> _AIM OF THE TASK_:
Reproduce the material below only from the line with "Young child draws" to the line with "This image features", both included, keeping each line exact and dropping the pictures.
*** Opening of SOURCE DATA ***
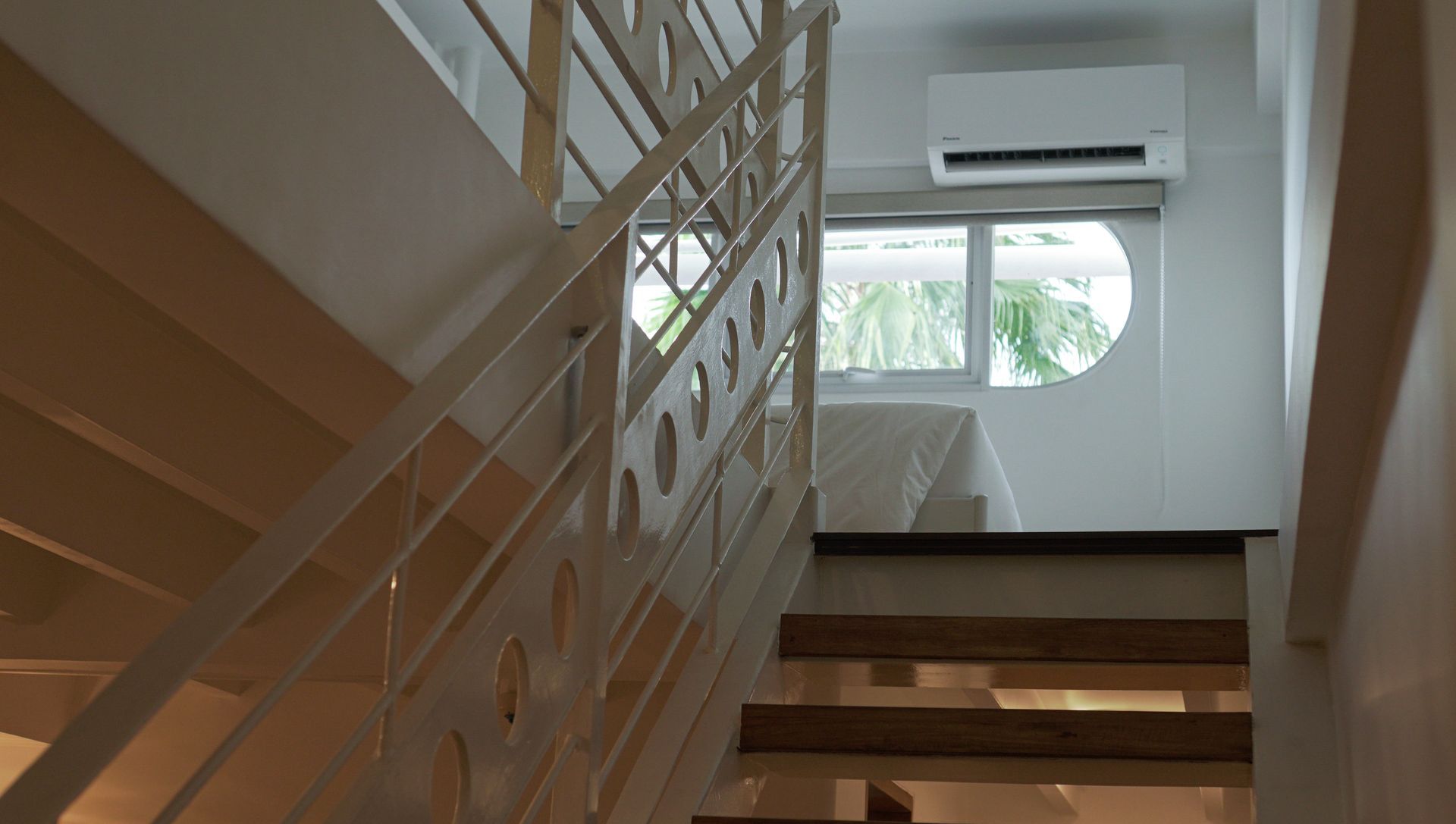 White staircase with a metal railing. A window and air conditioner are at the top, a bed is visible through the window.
*** Close of SOURCE DATA ***
*** Opening of SOURCE DATA ***
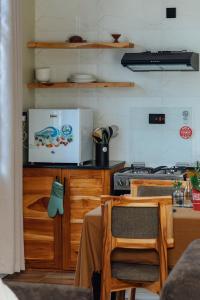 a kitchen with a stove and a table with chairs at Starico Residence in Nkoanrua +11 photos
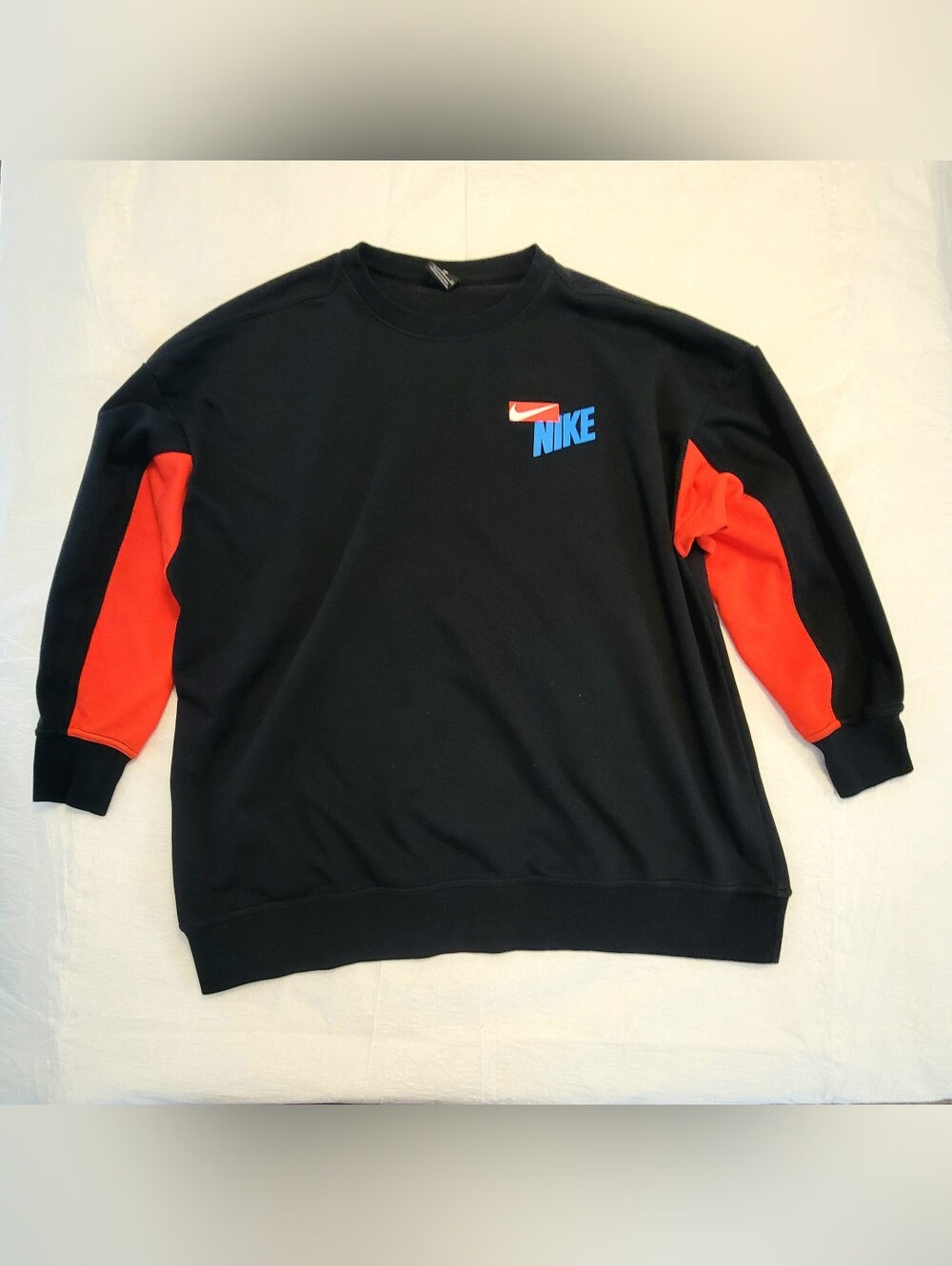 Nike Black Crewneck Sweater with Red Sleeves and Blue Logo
*** Close of SOURCE DATA ***
*** Opening of SOURCE DATA ***
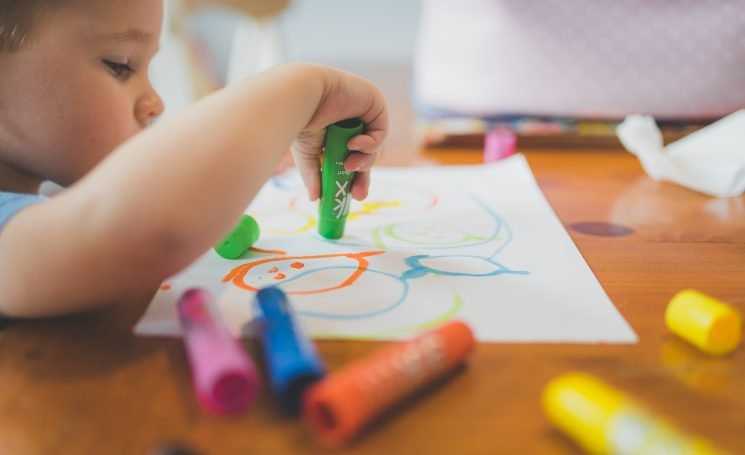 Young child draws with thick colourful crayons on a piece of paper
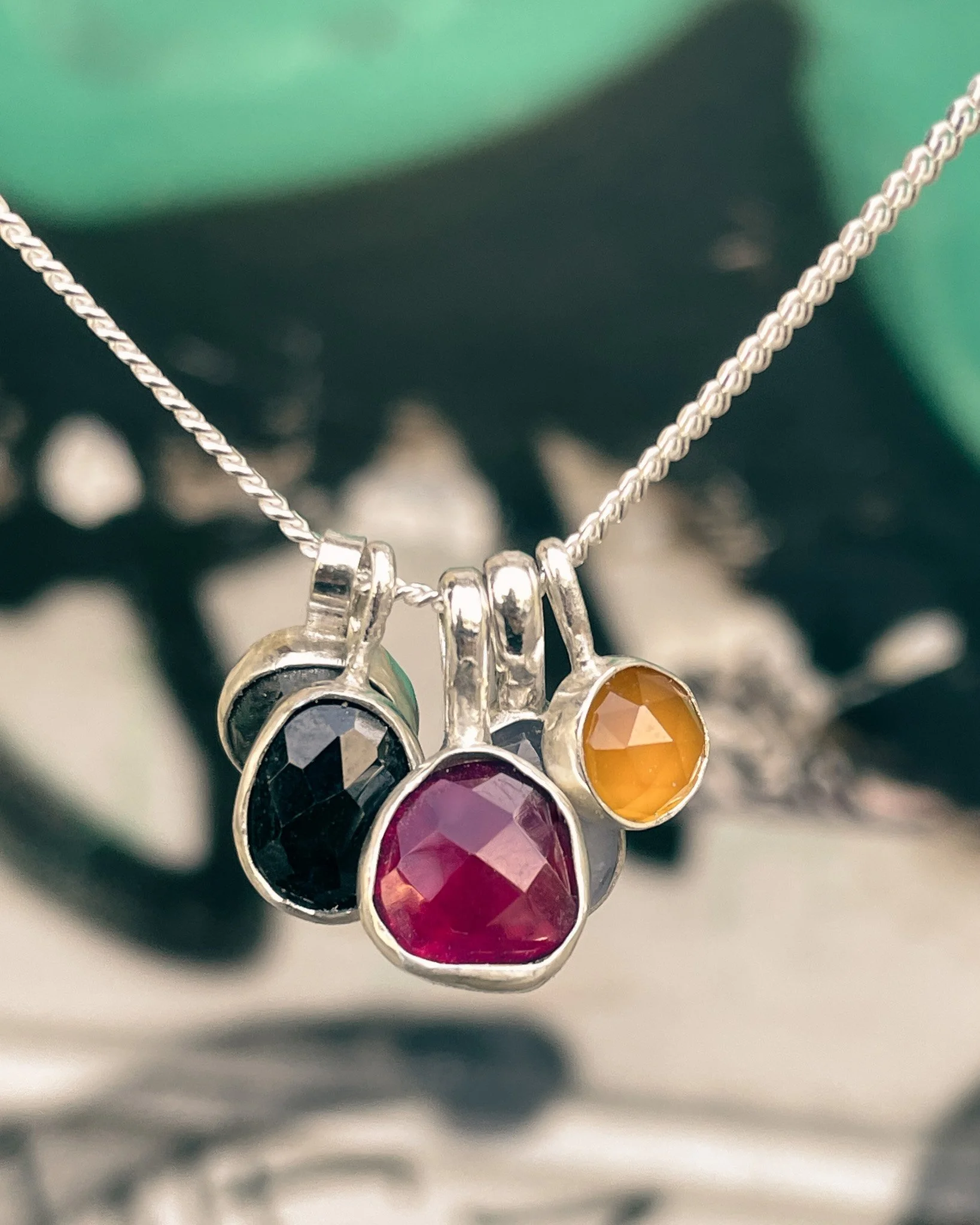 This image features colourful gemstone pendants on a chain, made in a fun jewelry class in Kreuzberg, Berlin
*** Close of SOURCE DATA ***
> _RESULT FOR THIS TASK_:
 Young child draws with thick colourful crayons on a piece of paper
 This image features colourful gemstone pendants on a chain, made in a fun jewelry class in Kreuzberg, Berlin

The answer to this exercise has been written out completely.